The Lynden Garden’s embellished acres
It’s a blustery November Sunday as artist Tom Kovacich and I arrive at the Lynden Sculpture Garden’s main house, a stately manor with quite a view, considering that you’re viewing forty acres embellished with diverse sculptures.
Only a few short months ago, when the gardens re-opened to the public, these rolling hills were bathed in sunlight and summer humidity. On the day of our visit, the sun is still shining, but the breeze is a stern reminder of the winter months that lay ahead.
Inside the manse, in a show aptly titled Inside/Outside, is the work of Eddee Daniel & Philip Krejcarek, paired in a kind of orange and blue dance.
However, on this day we’ve come to walk the paths wending round about the permanent sculptures. In the distance a larch gleams golden in the slant of the afternoon light; a pair of geese guard the edge of a small pond smooshed with Monet-like lily pads.
Were it not for the wintry weather, everything looks much the same as it did on a late 70s summer day when I settled onto the manicured lawn to sip wine and eat cuke sandwiches, one of hundreds who attended the annual garden party, back when this lush section of land was known as the Bradley Sculpture Gardens.
My sidekick is a pure modernist and co-owner of Safi Studio in the Marshall Building. We agree that less is more. Less is more. Less is more.
Therefore, we stroll by the cows with our noses in the air.
But what are these slender imaginings rising skyward? The map says they are fashioned of hand-carved buckthorn wood, copper and living buckthorn trees — the work of Kevin Giese. Sadly, they are temporary. I say keep them in place forever.
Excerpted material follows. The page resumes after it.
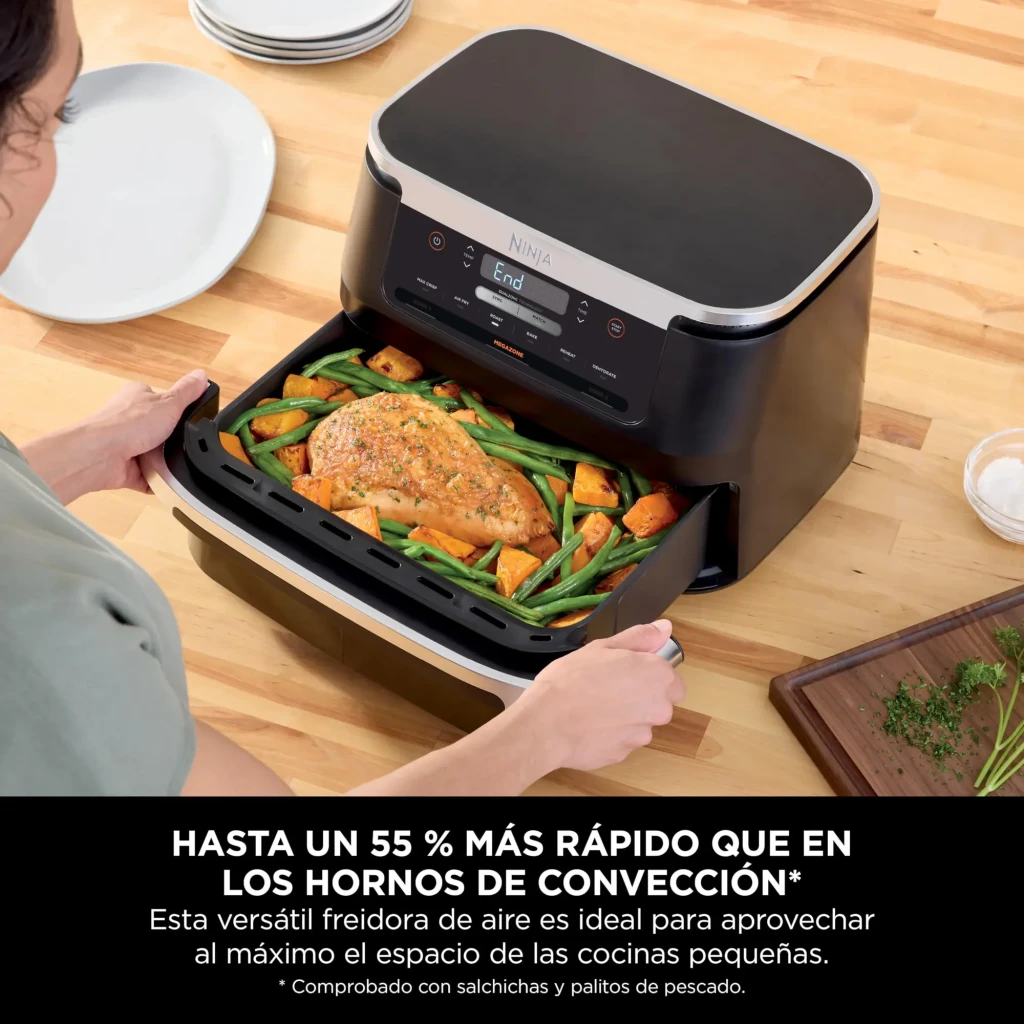 Ninja AF550EU freidora aire 6.6L negro, vista frontal: panel digital con modos Sync Match y cajón doble MegaZone - Ítem6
Immigrant 2010 is brilliant, for in this era of immigration strife, the idea of grafting them onto us, or us onto them, is perfect. I’m tempted to say Giese is the best of all the rest. Before moving to Bay View, Cedar Gallery housed a few of his pieces.
There’s much to admire here where the land was carved to meet the requirements of the owners. Among the big and bold are two painted steel pieces by Mark di Suvero, the über-controversial artist who crafted the big orange I-beam thing anchoring the east end of Wisconsin Avenue, the thing kids love to climb on. But The Calling is more than orange paint and I-beams.
Over yonder grazes Hara, 1989, a bronze horse by Deborah Butterfield, whose work I first admired at the Milwaukee Art Museum. Ernest C. Shaw is represented by four steel sculptures, and you can see more of his concepts in a snug park (the Green Ash Park), adjacent to the north side of the Haggerty Museum.
Before exiting the Lynden, we pause by the lake to enjoy Floating Sculpture #3, a 1972 painted polyester work by Marta Pan.
Please Keep To The Mowed Areas. No Pets Allowed (except guide and/or service dogs). No climbing on the sculptures, picking wildflowers, etc., etc., etc. Winter hours are in effect, so best check before you drive to 2145 W. Brown Deer Road.
With a heap of snow upon the acres, it will be a brand new experience.